▶ Task requirements
Each line of the records needs to be written out exactly, with any image left out.

━━ Task input

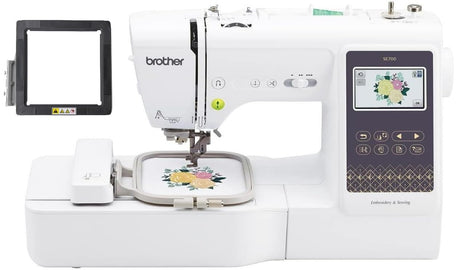 Brother SE700 Sewing and Embroidery Machine with Wireless LAN, 3.7" Touchscreen, SAMFM100 4" x 4" Magnetic Hoop Brother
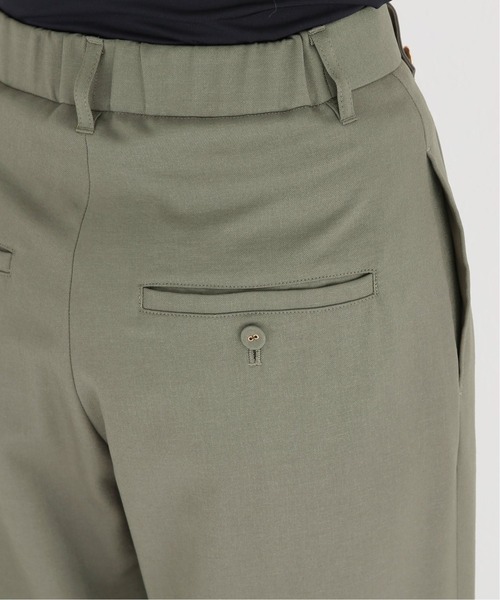 La TOTALITE（ラトータリテ）の「ツイルストレッチ ワイドパンツ【手洗い可能】◆（その他パンツ・レディース・ブラック/カーキ/ベージュ系その他・38/36）」の15枚目の写真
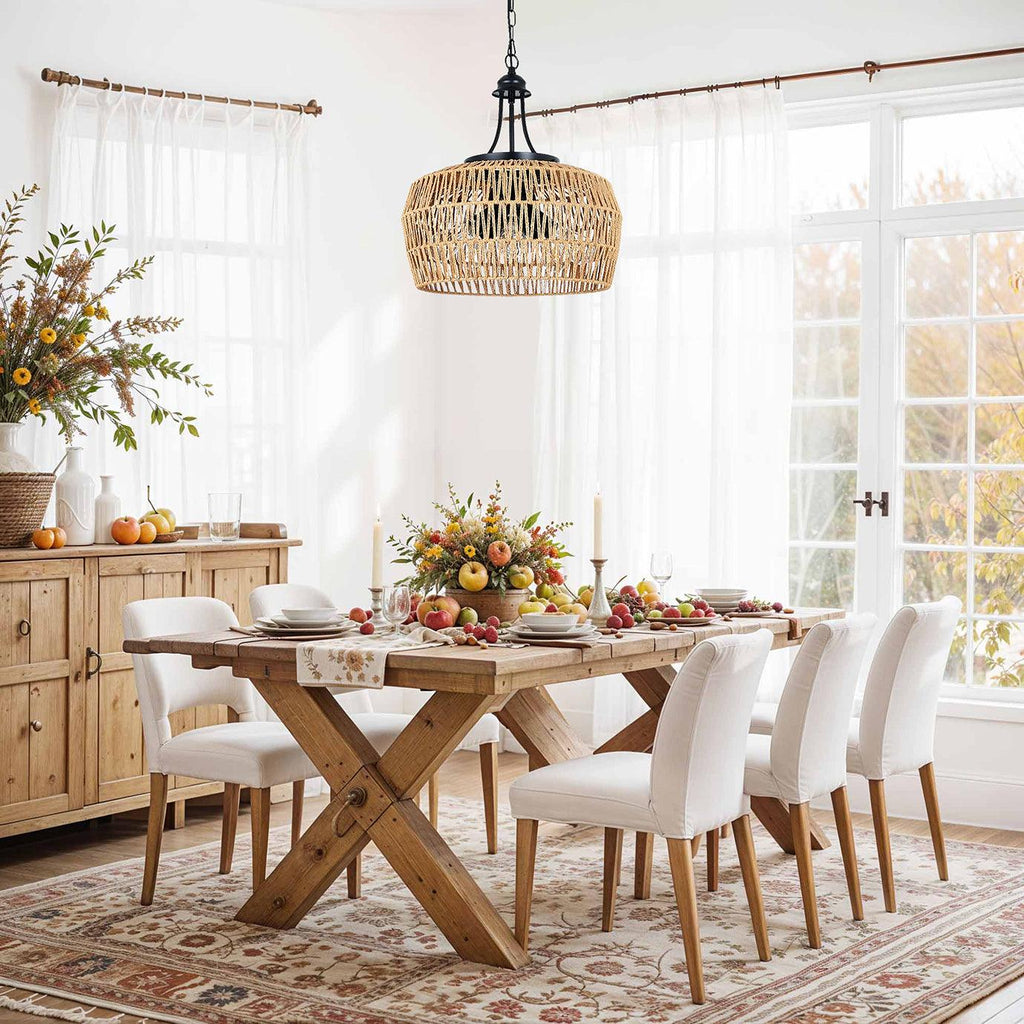 Earth Light Rattan Woven Pendant Light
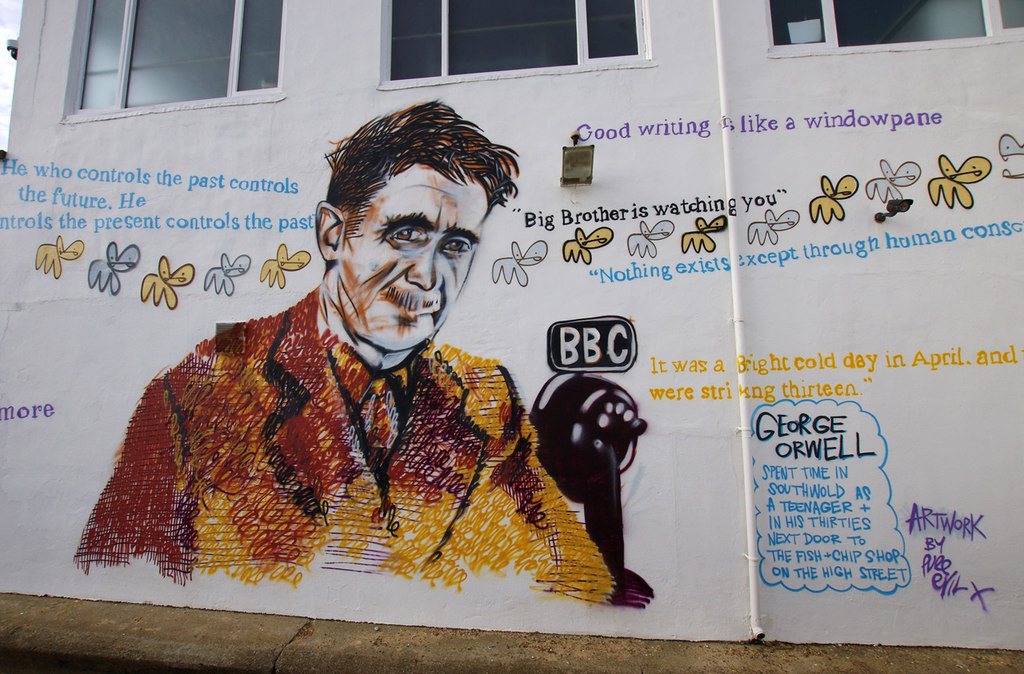George Orwell mural, Southwold Pier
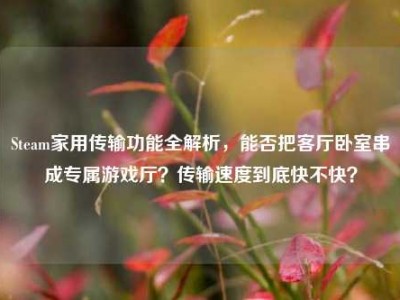 Steam家用传输功能全解析，能否把客厅卧室串成专属游戏厅？传输速度到底快不快？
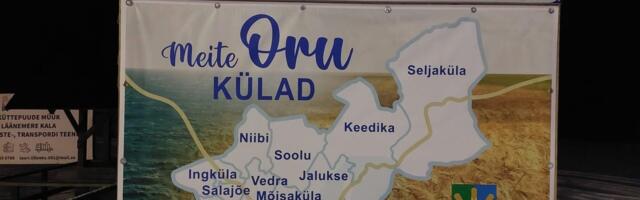 Oru külade kaart pandi Linnamäele üles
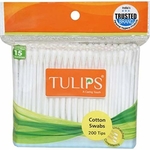 Tulips Cotton Buds 100 Sticks 1 pack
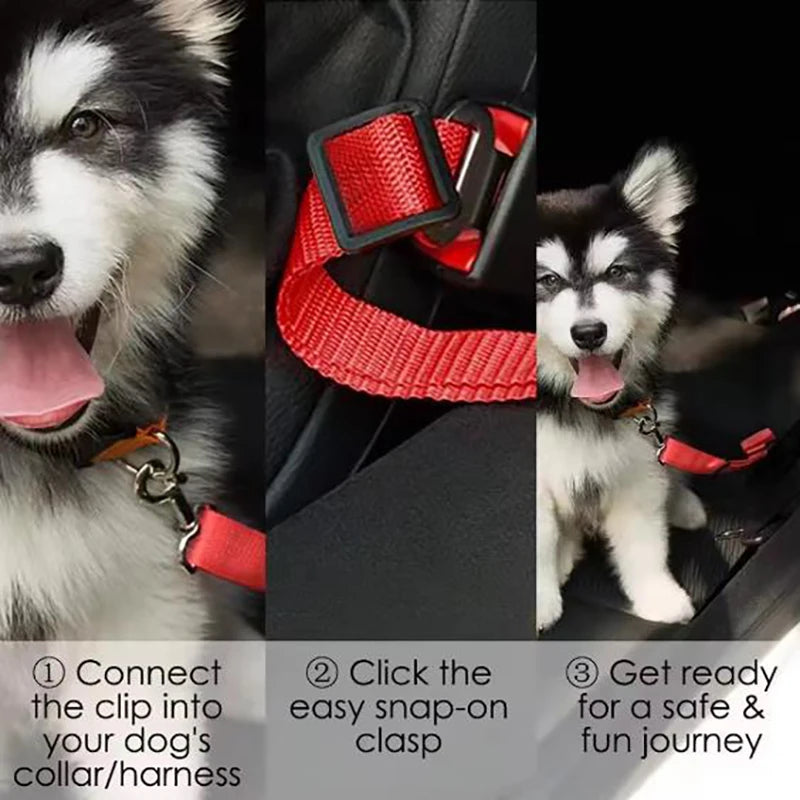 SafeRide™ Adjustable Dog Car Seat Belt Harness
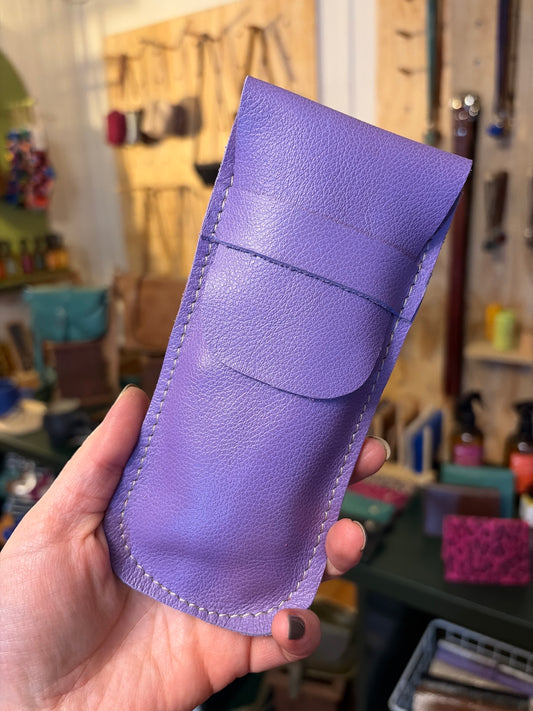 Funda de lentes lila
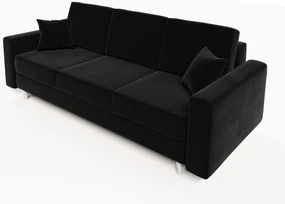 Canapea extensibilă Kineton (negru). 1007749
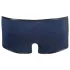 NEK - black lace‑up fishnet‑panel boxer shorts (blue)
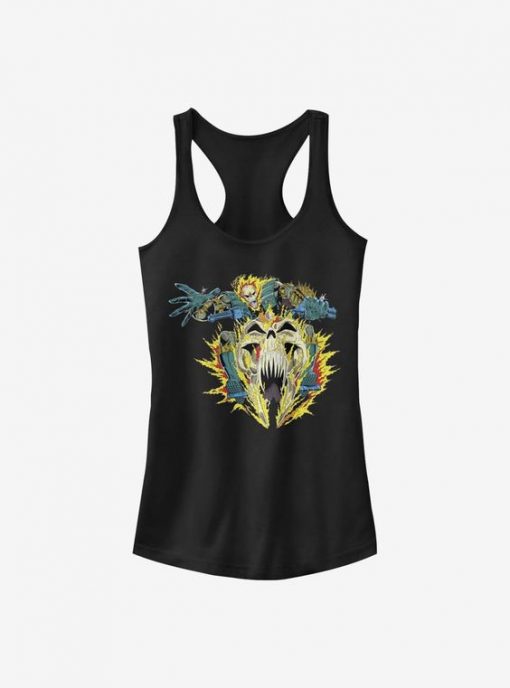 Marvel Ghost Rider Flames Girls Tank ZNF08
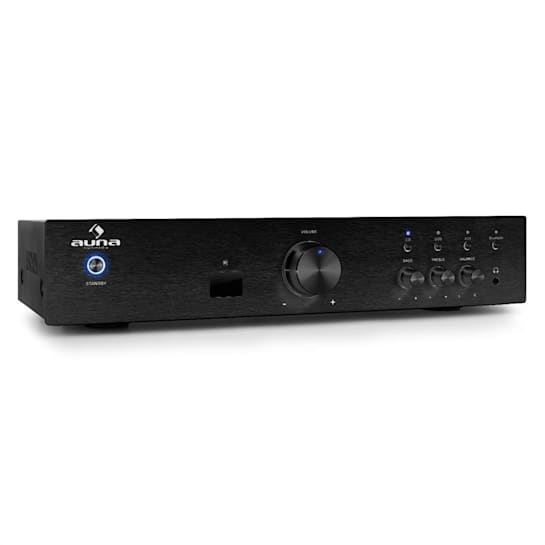 Auna | AV2-CD508BT | Hifi-versterker | Bluetooth | Zwart | | 600 Watt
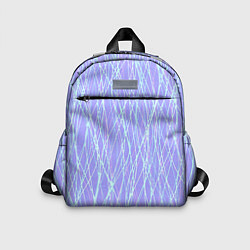 Детский рюкзак Светлый сиреневый с неоновыми линиями, цвет: 3D-принт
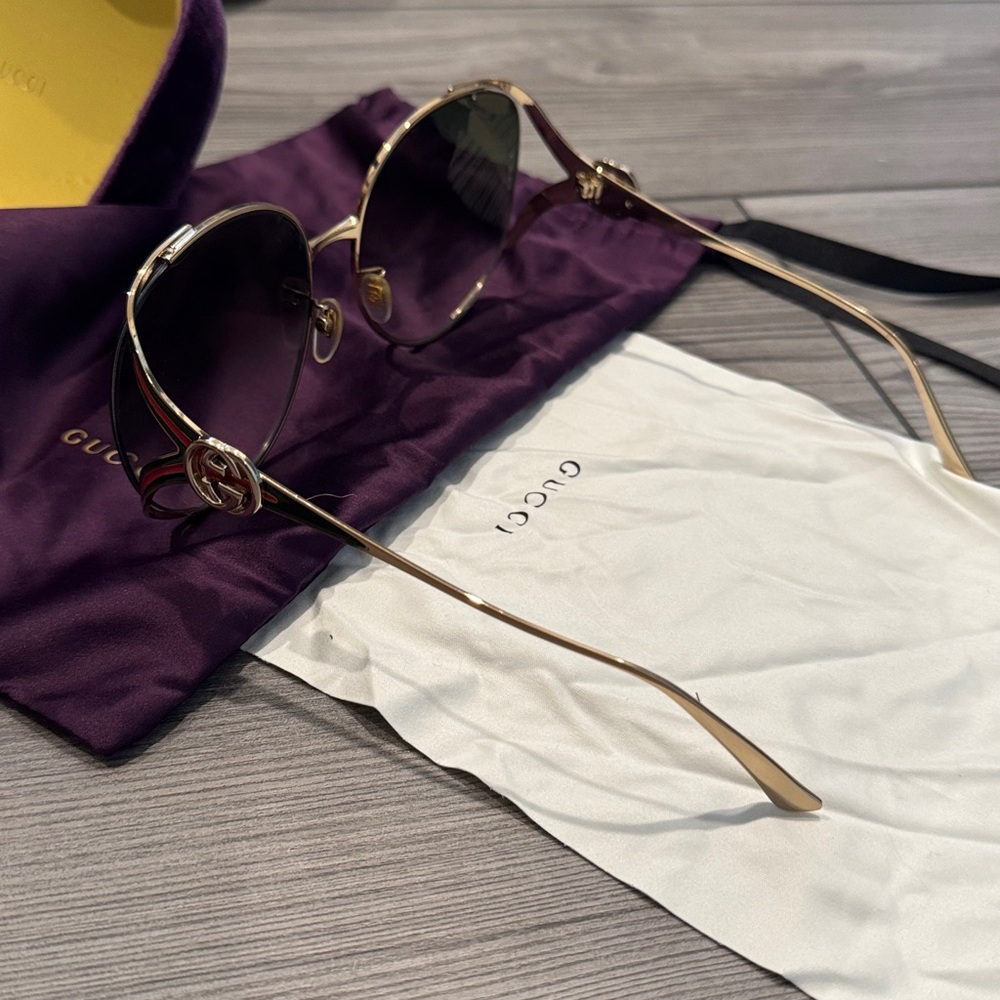 Gucci GG0225S 003 Women's Sunglasses - Picture 5 of 7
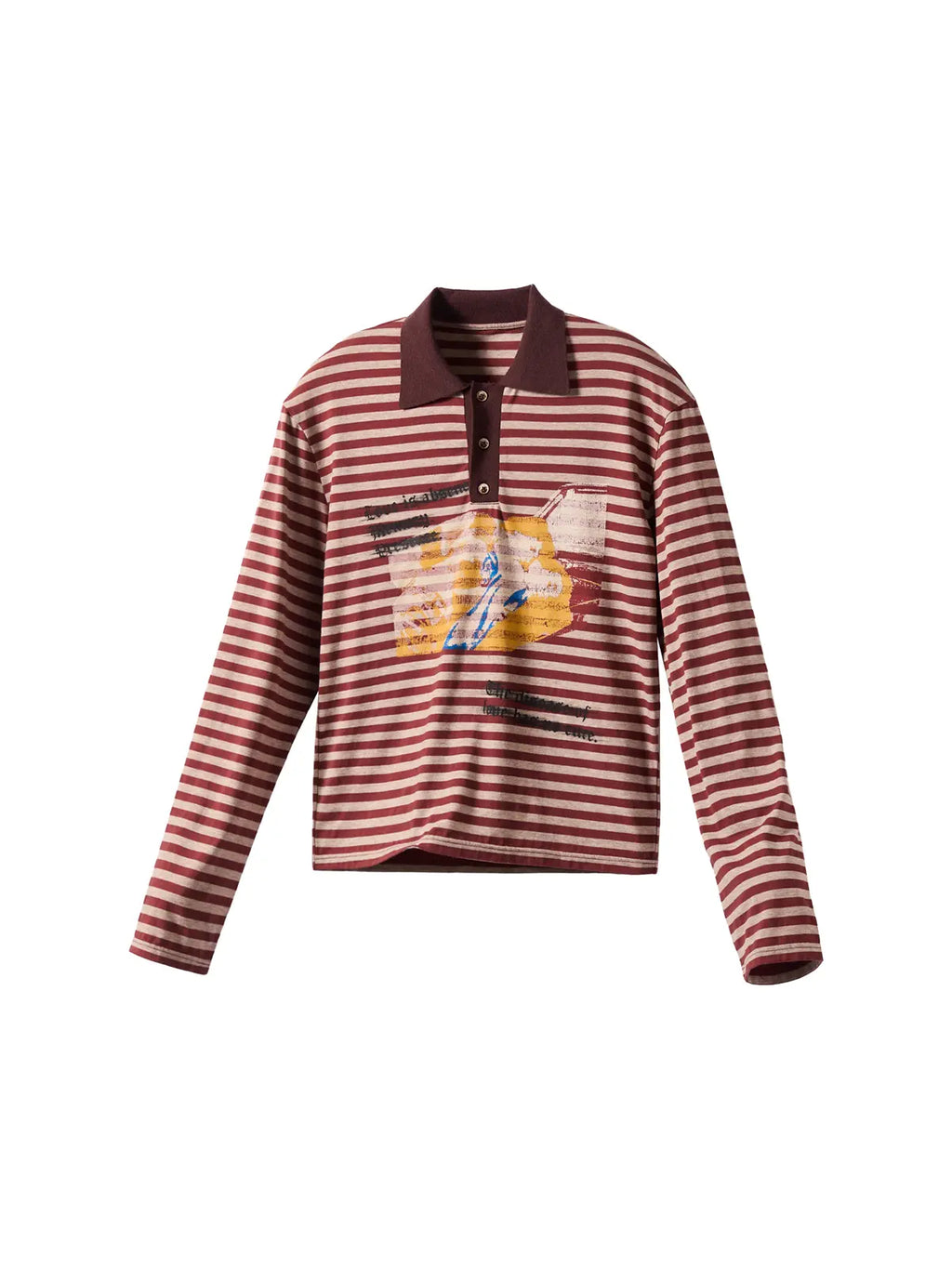 EMO "Retro Film Reel" Striped Knit Polo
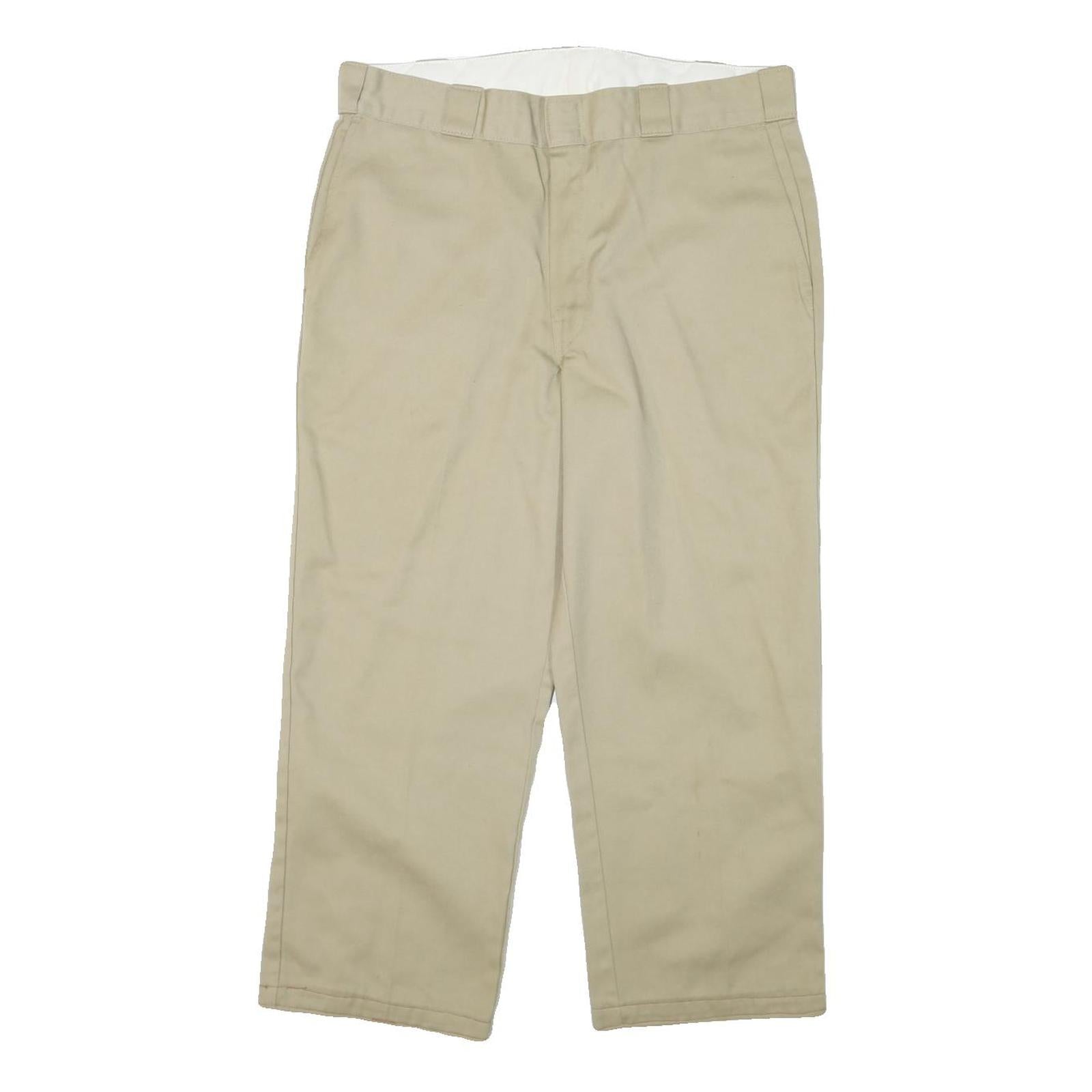 Buy DICKIES Mens Cotton Blend Beige Regular Fit Straight Leg Trousers W34 L25 Refurbished - $42.89 DICKIES Mens Cotton Blend Beige Regular Fit Straight Leg Trousers W34 L25 Refurbished - N/A refurbished available on Cerqular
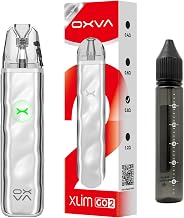 OXVA XLIM GO 2 Extreme Go | 3ml Model | 1500mAh Battery Powered | No Button Operation | Easy Operation | Includes 1 Indian Strawberry Unicorn Bottle (Metal Silver)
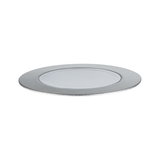 Rundes LED-Einbauleuchte mit gebürstetem Aluminiumrahmen in Silber für moderne Beleuchtung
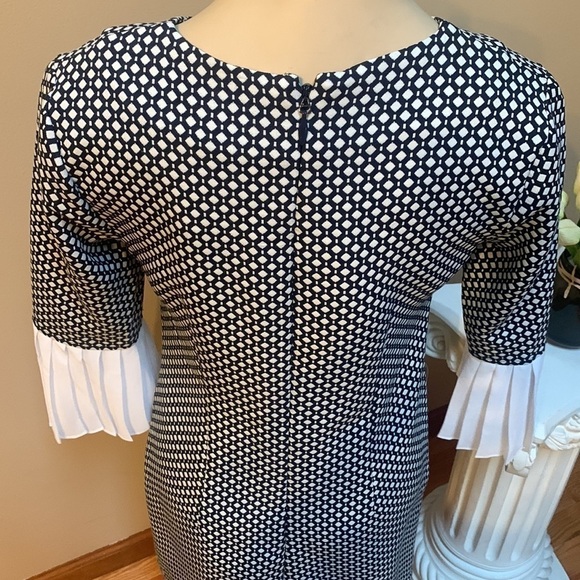 Ny&co Ruffle Sleeve Navy Shift Dress Size XS - Picture 8 of 8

━━━━

▶ Completed exercise
 Brother SE700 Sewing and Embroidery Machine with Wireless LAN, 3.7" Touchscreen, SAMFM100 4" x 4" Magnetic Hoop Brother
 La TOTALITE（ラトータリテ）の「ツイルストレッチ ワイドパンツ【手洗い可能】◆（その他パンツ・レディース・ブラック/カーキ/ベージュ系その他・38/36）」の15枚目の写真
 Earth Light Rattan Woven Pendant Light
George Orwell mural, Southwold Pier
 Steam家用传输功能全解析，能否把客厅卧室串成专属游戏厅？传输速度到底快不快？
 Oru külade kaart pandi Linnamäele üles
 Tulips Cotton Buds 100 Sticks 1 pack
 SafeRide™ Adjustable Dog Car Seat Belt Harness
 Funda de lentes lila
 Canapea extensibilă Kineton (negru). 1007749
 NEK - black lace‑up fishnet‑panel boxer shorts (blue)
 Marvel Ghost Rider Flames Girls Tank ZNF08
 Auna | AV2-CD508BT | Hifi-versterker | Bluetooth | Zwart | | 600 Watt
 Детский рюкзак Светлый сиреневый с неоновыми линиями, цвет: 3D-принт
 Gucci GG0225S 003 Women's Sunglasses - Picture 5 of 7
 EMO "Retro Film Reel" Striped Knit Polo
 Buy DICKIES Mens Cotton Blend Beige Regular Fit Straight Leg Trousers W34 L25 Refurbished - $42.89 DICKIES Mens Cotton Blend Beige Regular Fit Straight Leg Trousers W34 L25 Refurbished - N/A refurbished available on Cerqular
 OXVA XLIM GO 2 Extreme Go | 3ml Model | 1500mAh Battery Powered | No Button Operation | Easy Operation | Includes 1 Indian Strawberry Unicorn Bottle (Metal Silver)
 Rundes LED-Einbauleuchte mit gebürstetem Aluminiumrahmen in Silber für moderne Beleuchtung
 Ny&co Ruffle Sleeve Navy Shift Dress Size XS - Picture 8 of 8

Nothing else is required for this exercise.